For the first time, scientists have found the building blocks for life on an asteroid in space.
Japanese researchers have discovered more than 20 amino acids on the Ryugu space rock, which is more than 200 million miles from Earth.
Scientists made the first survey of its kind by studying samples recovered from nearby Earth asteroid from the Japan Aerospace Exploration Agency (JAXA) spacecraft Hayabusa2, which landed on Ryugu in 2018. In 2019, the spacecraft collected 0.2 ounces (5.4 grams) from the asteroid’s surface and subsurface. placed it in an airtight container and tossed it back up Land on a calibrated trajectory.
Related: We may finally know why the spinning asteroid Ryugu has such a strange shape
Rather than being a large boulder, Ryugu is made up of many small rocks, and the asteroid got its unusual, rapidly spinning top shape, scientists believe. As a carbonaceousor type C, asteroid, Ryugu contains a large amount of carbon-rich organic it mattersmost of which probably originated from the same nebula that gave birth to the Sun and the planets of the solar system about 4.6 billion years ago.

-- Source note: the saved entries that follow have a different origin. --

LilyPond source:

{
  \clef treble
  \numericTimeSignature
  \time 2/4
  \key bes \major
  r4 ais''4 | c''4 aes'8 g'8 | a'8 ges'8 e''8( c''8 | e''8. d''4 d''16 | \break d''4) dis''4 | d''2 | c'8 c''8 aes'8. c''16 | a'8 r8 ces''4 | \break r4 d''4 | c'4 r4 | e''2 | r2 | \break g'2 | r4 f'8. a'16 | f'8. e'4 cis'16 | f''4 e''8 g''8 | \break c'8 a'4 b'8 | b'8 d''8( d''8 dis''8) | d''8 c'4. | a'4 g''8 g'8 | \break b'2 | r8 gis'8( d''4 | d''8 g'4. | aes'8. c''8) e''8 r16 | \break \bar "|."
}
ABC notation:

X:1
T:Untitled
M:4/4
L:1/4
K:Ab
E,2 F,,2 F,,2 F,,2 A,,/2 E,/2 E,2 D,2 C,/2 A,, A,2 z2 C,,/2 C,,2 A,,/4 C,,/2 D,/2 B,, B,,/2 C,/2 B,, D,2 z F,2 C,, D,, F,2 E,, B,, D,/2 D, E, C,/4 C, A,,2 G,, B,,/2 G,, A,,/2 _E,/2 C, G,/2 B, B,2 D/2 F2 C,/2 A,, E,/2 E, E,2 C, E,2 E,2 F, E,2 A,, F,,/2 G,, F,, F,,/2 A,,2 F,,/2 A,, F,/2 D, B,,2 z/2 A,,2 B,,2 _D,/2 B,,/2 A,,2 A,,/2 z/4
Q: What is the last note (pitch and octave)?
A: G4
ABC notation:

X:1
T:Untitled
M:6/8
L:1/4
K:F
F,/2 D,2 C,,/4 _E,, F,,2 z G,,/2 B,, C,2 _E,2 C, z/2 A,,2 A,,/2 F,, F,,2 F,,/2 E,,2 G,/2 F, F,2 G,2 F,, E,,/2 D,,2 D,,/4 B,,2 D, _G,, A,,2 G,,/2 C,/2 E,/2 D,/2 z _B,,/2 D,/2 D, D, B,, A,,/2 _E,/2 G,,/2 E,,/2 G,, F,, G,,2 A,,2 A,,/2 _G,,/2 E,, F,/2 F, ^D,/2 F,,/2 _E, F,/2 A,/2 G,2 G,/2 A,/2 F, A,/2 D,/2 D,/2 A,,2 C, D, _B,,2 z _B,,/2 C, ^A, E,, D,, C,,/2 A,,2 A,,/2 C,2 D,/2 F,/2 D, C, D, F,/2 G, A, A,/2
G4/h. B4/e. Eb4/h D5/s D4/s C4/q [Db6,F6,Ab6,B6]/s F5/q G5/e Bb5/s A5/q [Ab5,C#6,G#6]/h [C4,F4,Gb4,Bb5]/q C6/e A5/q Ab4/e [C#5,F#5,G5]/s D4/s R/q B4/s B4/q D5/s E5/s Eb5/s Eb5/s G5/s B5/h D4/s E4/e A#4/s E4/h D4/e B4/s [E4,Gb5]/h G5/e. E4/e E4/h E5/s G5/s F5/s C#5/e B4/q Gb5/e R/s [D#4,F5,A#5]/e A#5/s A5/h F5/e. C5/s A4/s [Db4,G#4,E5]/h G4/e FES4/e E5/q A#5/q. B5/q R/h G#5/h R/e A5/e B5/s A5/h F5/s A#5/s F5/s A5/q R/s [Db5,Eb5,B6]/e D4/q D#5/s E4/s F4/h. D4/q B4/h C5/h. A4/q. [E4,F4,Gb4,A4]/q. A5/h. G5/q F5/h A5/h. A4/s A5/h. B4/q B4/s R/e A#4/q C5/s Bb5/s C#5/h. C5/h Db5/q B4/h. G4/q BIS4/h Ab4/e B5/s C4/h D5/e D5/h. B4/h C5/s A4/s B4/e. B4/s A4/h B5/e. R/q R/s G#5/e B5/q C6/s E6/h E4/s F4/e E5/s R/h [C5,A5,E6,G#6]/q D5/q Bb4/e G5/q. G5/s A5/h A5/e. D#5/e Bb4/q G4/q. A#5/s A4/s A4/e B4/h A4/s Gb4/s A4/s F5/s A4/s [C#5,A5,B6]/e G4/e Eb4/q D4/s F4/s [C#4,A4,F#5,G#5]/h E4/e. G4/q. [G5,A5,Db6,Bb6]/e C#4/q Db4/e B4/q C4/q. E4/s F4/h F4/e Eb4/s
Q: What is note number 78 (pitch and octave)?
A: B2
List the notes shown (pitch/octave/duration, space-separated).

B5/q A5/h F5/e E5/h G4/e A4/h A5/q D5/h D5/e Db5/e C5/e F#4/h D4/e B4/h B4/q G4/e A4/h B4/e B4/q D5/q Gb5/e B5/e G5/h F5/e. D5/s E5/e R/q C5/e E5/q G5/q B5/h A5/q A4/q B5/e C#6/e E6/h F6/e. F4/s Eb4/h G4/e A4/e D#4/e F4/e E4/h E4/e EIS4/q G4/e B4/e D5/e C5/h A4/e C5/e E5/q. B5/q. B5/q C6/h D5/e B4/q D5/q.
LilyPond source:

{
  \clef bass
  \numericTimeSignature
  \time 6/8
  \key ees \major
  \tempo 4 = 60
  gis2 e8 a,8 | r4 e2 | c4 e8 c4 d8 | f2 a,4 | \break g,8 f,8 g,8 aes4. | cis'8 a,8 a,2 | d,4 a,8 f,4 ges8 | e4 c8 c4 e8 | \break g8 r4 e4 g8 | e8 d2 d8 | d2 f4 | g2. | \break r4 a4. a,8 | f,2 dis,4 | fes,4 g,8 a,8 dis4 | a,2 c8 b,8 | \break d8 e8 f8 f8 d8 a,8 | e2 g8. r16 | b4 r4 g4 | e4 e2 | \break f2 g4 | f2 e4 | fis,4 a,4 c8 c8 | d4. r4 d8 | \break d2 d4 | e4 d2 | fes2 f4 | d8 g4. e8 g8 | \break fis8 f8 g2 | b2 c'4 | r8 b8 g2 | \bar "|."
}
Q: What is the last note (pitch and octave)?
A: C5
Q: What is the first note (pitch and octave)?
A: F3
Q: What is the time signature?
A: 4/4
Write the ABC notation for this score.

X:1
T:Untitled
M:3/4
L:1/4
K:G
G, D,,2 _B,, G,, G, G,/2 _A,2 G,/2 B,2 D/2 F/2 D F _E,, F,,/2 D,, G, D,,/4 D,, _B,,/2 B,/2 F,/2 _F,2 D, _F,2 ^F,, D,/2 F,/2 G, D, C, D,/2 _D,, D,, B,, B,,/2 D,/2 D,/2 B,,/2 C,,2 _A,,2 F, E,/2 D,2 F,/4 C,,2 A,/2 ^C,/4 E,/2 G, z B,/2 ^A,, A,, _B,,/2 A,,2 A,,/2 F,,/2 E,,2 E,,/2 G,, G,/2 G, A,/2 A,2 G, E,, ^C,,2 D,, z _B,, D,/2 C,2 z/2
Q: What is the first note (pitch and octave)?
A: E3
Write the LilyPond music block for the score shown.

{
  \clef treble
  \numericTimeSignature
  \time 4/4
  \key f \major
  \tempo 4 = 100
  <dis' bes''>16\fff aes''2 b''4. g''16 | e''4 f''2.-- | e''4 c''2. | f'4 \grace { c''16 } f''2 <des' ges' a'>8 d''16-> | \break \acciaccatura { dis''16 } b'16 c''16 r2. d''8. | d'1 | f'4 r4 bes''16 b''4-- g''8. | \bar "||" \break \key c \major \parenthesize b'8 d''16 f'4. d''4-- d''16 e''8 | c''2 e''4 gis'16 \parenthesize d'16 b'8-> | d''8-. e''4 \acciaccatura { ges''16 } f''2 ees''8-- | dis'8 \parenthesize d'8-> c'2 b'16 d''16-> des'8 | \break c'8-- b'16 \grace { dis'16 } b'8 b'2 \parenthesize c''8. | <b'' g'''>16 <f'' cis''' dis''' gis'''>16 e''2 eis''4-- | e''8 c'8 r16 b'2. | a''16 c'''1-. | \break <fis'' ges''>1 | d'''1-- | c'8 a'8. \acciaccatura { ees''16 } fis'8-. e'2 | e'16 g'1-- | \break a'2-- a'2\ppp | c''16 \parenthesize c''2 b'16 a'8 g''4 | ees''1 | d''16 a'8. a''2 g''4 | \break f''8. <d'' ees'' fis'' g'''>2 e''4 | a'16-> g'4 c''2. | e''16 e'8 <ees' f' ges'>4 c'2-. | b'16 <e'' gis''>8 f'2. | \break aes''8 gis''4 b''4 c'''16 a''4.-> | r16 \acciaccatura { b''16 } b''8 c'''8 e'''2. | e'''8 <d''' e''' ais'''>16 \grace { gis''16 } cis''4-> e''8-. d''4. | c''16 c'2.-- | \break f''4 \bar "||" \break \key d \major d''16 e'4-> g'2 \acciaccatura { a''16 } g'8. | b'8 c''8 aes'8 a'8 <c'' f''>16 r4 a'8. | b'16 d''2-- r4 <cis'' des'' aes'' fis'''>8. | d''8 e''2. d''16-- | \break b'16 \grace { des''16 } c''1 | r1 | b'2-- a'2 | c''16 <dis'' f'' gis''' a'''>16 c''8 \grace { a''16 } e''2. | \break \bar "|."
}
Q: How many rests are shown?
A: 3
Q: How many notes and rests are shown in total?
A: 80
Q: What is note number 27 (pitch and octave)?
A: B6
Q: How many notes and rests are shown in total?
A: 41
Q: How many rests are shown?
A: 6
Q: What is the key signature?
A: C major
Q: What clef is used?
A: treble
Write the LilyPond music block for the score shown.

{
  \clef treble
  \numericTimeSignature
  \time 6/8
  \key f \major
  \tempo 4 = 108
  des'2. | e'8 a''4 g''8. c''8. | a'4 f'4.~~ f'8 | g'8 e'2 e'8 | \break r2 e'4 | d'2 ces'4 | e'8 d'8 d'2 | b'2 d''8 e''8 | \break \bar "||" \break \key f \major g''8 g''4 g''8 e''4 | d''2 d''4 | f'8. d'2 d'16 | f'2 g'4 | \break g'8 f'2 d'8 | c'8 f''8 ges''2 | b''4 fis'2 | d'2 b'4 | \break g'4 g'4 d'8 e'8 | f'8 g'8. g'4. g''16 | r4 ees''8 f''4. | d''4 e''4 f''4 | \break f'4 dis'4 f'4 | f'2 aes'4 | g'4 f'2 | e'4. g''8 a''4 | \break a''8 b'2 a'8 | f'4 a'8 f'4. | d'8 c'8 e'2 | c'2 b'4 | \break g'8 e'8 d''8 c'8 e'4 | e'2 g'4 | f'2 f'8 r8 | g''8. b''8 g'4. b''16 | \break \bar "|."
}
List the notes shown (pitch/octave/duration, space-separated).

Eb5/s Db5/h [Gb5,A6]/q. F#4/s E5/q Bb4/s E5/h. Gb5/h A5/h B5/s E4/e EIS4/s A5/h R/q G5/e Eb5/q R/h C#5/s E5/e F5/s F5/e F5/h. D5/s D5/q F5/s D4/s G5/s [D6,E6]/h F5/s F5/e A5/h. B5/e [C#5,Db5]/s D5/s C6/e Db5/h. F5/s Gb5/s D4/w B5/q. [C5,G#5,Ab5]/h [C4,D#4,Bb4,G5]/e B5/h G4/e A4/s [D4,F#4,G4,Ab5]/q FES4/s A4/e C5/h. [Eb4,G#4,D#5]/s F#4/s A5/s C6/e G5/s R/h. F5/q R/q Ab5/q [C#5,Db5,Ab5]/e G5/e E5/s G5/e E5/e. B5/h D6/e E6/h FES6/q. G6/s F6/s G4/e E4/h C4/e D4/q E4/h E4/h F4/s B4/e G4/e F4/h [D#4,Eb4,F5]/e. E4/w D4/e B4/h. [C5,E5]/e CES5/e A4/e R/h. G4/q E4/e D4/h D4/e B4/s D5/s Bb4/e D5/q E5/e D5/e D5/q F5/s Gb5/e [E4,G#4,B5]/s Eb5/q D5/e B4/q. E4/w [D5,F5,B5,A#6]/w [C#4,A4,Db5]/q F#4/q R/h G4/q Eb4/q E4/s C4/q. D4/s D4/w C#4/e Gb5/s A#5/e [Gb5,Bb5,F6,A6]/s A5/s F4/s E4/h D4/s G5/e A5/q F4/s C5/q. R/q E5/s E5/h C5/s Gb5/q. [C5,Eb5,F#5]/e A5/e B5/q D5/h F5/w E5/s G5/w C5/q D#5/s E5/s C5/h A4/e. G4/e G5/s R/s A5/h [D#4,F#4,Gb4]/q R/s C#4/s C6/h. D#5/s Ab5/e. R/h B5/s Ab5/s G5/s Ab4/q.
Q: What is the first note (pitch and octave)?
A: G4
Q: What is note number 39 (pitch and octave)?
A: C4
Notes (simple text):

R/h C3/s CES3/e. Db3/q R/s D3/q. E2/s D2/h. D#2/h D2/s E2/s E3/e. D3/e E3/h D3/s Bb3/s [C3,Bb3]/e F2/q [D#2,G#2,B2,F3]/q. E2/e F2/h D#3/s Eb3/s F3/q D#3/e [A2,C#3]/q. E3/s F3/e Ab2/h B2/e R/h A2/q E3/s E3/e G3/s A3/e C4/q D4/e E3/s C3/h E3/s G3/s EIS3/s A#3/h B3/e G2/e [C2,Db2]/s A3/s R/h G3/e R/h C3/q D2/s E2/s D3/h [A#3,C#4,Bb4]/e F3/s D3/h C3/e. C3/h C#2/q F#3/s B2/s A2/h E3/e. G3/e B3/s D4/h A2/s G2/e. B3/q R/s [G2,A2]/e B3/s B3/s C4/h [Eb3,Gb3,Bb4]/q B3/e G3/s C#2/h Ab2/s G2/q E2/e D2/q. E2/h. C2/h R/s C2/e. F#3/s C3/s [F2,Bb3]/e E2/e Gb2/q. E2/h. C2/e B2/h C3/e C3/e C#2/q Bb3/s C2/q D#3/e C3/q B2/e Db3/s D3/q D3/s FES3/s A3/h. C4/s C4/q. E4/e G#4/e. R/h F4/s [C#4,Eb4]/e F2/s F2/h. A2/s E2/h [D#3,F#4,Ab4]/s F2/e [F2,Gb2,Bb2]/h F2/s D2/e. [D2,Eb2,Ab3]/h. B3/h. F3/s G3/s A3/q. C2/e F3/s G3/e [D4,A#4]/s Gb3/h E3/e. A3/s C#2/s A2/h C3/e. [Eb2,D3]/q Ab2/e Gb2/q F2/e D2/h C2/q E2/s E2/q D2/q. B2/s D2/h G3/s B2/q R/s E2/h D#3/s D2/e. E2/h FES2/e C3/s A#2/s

Previous analyzes of the sample have also suggested that the asteroid harbors water.
“The Ryugu material is the most primitive solar system material we have ever studied,” said Hisayoshi Yurimoto, professor of geoscience at the University of Hokkaido and leader of the Hayabusa2 mission’s initial chemical analysis team, outlining initial findings at Lunar and Planetary Scientific Conference in March.
Unlike organic molecules found on Earth, the pitch-black asteroid samples, which scientists discovered reflect only 2% to 3% of the light that hits them, have not been modified by interactions with the Earth’s environment, giving their chemical composition is much closer to that of the early solar system.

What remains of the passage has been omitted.